まず、一つ目から説明しましょう。これは社内のチーム内で実施することが多いのですが、いわゆる正統派ブレーンストミングです。お題目は主催者がきちっと考える必要がありますが、自由闊達に意見を述べ、発想を膨らませるのが目的です。自由、かつ大量に…という点が重要なので、声の大きな人に左右されないよう、最初はポストイットで各自の意見を書き出したりする等の工夫をします。難しいのは、テーマが広い場合にどのように収束させるか、という点。これはファシリテーターの力量により、かなり左右されます。逆説的に言えば、特定のテーマに絞り込めば込むほど、ファシリテートは楽になります。

2つ目。
これは、仕事柄というのもあるのですが、全員で意見を出し合ったことにより、合意形成を容易にするため、ブレーンストミングという形式を活用するパターンです。この場合、事前にチーム内でどうようのブレストを何度かトライアルしてみて、「何を落としどころとするか」を整理しておきます。ブレーンストミング自体では、オープンに意見は受け入れるものの、最終的には事前に想定したフレームワークや方向性に当てはめて、ファシリテーションを実施します。つまり、僕らにとっては多少の誤差はあれど、想定の結果を得ることになるわけです。「なんだ、しょうもないことをやっているな」と思う方もいらっしゃるでしょう。しかしながら、この手法は大きな威力を発揮することが多々あります。ぜひ、みなさんも試してみてください。

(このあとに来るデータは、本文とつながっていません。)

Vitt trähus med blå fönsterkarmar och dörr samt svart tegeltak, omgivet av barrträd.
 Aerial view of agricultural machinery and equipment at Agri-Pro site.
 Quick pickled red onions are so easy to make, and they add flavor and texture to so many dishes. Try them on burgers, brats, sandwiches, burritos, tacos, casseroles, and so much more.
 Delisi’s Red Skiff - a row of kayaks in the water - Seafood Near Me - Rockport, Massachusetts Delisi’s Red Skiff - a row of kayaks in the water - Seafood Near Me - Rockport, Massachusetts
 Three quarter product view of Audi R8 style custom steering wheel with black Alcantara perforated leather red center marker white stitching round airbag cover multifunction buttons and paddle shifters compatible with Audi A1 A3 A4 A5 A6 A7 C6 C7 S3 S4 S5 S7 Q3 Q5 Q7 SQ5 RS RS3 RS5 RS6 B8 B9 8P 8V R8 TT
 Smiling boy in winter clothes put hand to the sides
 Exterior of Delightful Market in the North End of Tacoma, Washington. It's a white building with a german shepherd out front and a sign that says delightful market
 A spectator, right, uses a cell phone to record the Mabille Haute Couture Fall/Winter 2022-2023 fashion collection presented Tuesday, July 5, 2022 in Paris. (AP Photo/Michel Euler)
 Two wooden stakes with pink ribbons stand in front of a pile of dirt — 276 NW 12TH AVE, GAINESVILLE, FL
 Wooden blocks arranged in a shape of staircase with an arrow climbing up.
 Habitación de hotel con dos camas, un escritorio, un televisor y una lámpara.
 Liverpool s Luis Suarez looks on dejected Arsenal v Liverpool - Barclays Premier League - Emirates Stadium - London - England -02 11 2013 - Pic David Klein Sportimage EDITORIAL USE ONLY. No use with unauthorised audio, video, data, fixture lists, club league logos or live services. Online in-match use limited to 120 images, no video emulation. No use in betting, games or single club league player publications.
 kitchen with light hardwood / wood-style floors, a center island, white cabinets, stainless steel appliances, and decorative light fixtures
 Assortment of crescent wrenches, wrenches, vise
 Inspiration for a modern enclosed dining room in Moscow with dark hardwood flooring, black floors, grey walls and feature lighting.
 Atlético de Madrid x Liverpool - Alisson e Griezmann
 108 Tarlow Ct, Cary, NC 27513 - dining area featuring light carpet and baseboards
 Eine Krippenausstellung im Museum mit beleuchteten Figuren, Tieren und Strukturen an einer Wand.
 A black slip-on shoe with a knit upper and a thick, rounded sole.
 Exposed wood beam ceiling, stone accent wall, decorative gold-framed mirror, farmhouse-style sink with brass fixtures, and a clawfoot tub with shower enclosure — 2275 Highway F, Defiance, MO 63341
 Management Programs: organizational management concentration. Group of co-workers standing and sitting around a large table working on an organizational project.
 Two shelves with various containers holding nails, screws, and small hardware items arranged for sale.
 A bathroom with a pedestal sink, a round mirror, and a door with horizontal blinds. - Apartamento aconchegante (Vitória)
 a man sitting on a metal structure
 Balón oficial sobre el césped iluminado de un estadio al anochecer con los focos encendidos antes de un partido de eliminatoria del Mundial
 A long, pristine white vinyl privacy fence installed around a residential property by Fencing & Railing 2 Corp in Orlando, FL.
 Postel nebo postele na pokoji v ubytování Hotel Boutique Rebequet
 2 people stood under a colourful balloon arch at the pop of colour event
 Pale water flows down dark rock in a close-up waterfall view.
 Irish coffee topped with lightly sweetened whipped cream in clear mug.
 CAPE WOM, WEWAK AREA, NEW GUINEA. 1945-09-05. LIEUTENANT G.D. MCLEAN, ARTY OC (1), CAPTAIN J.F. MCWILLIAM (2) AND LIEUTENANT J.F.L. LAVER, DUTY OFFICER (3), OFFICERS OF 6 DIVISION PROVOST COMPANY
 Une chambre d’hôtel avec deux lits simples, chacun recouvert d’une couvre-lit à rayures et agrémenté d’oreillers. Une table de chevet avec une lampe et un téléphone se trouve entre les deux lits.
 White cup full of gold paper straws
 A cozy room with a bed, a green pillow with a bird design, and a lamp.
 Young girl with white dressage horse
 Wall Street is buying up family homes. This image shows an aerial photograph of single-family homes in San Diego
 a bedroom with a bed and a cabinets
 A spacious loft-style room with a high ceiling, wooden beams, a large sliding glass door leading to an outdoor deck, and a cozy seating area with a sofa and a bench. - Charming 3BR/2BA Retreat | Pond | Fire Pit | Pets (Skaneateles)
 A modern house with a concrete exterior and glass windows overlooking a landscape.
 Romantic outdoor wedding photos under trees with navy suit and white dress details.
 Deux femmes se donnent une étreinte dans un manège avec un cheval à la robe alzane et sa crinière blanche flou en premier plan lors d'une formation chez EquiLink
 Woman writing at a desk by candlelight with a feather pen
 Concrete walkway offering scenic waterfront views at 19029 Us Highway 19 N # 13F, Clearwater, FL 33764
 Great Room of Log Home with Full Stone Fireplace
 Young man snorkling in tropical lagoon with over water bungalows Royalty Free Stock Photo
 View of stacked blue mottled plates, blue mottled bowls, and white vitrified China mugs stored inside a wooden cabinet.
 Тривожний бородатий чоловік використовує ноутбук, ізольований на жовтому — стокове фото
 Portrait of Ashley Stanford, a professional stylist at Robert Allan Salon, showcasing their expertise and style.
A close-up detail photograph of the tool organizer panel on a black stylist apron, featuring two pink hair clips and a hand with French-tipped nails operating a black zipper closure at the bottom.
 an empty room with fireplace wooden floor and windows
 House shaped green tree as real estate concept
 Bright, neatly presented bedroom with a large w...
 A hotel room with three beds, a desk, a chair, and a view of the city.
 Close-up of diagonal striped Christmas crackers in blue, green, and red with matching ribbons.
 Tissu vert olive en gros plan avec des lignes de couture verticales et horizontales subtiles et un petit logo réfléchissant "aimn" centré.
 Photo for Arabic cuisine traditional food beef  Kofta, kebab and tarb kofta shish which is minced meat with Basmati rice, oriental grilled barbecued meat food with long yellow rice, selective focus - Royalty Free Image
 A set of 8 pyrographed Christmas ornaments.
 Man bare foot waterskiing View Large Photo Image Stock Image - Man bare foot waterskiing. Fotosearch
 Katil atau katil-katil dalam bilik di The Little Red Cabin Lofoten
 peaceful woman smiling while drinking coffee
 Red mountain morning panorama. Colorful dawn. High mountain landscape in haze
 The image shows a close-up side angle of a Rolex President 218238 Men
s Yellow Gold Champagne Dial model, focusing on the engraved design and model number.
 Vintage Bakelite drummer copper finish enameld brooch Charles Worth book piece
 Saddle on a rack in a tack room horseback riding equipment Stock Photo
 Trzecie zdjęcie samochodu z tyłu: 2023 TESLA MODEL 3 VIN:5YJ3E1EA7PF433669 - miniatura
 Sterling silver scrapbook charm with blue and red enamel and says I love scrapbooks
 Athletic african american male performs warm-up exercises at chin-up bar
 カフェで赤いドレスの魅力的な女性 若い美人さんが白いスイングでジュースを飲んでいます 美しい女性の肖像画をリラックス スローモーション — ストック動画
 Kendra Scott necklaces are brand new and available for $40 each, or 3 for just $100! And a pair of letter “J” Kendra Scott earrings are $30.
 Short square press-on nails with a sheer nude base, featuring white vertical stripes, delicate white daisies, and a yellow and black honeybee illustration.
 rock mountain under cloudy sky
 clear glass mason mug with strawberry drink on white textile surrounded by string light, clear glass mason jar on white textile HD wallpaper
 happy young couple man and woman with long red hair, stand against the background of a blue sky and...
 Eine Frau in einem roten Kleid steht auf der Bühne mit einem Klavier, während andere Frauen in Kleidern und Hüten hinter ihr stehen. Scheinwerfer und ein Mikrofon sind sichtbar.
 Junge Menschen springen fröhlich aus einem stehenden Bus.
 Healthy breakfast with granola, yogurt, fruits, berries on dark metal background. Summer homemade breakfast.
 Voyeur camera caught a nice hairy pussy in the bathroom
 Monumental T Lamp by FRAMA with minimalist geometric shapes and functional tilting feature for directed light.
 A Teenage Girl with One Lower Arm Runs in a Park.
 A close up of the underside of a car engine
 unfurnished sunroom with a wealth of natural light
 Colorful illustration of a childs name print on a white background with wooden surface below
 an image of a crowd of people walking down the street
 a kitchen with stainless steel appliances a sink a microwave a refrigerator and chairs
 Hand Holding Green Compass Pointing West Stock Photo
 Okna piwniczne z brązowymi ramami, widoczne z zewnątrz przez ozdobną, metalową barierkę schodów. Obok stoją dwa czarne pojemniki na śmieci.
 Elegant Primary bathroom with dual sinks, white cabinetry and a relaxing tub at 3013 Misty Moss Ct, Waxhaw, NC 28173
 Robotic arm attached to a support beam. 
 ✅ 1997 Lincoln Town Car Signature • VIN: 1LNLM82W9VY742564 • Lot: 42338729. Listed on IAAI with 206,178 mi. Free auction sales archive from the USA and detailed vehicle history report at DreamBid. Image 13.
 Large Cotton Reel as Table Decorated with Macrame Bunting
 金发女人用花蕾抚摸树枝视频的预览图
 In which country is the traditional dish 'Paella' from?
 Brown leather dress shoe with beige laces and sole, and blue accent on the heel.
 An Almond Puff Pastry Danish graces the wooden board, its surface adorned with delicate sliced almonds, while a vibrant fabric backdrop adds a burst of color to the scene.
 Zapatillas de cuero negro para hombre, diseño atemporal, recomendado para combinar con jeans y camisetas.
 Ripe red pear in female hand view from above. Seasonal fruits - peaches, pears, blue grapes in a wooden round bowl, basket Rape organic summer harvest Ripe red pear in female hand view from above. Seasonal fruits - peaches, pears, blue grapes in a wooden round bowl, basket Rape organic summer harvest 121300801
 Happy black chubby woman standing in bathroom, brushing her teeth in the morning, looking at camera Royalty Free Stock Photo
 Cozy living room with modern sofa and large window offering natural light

ちなみに、いずれの場合もブレーンストミングの基本ルールを守って進行することが最低限必要。こういうことも知らないで、えらそうにブレーンストミングだから自由に意見を言いたまえ、という上司にはならないように気をつけてください。参加者に対しても、とても失礼だと思います。
(参考)ブレーンストミングのルール

  • 判断・結論を出さない(結論厳禁)
  • 粗野な考えを歓迎する(自由奔放)
  • 量を重視する(質より量)
  • アイディアを結合し発展させる(結合改善)


あと、成功理にブレーンストミングを実施するには、「センスの良いテーマ」を定義することと、収束時に適切なフレームワークに落とし込めるかが大変重要です。ここは脳みそ勝負なので、主催者の方々はぜひ意識して頂きたいところ。いかに当日のファシリテーションが上手くても、もともとのテーマが曖昧だったり、ずれていたりするとブレーンストミングの効果は10分の1くらいになります。最後のフレームワーク化でもたつかないためにも、シャープなテーマを設定し、事前にある程度の構造を想定して把握しておくべきダと思います。

色々と書き綴ったものの、場数をこなすことも重要なので、みなさんもぜひ気軽にトライしてみて欲しいと思います。僕自身は決して時間の無駄とは思いませんので。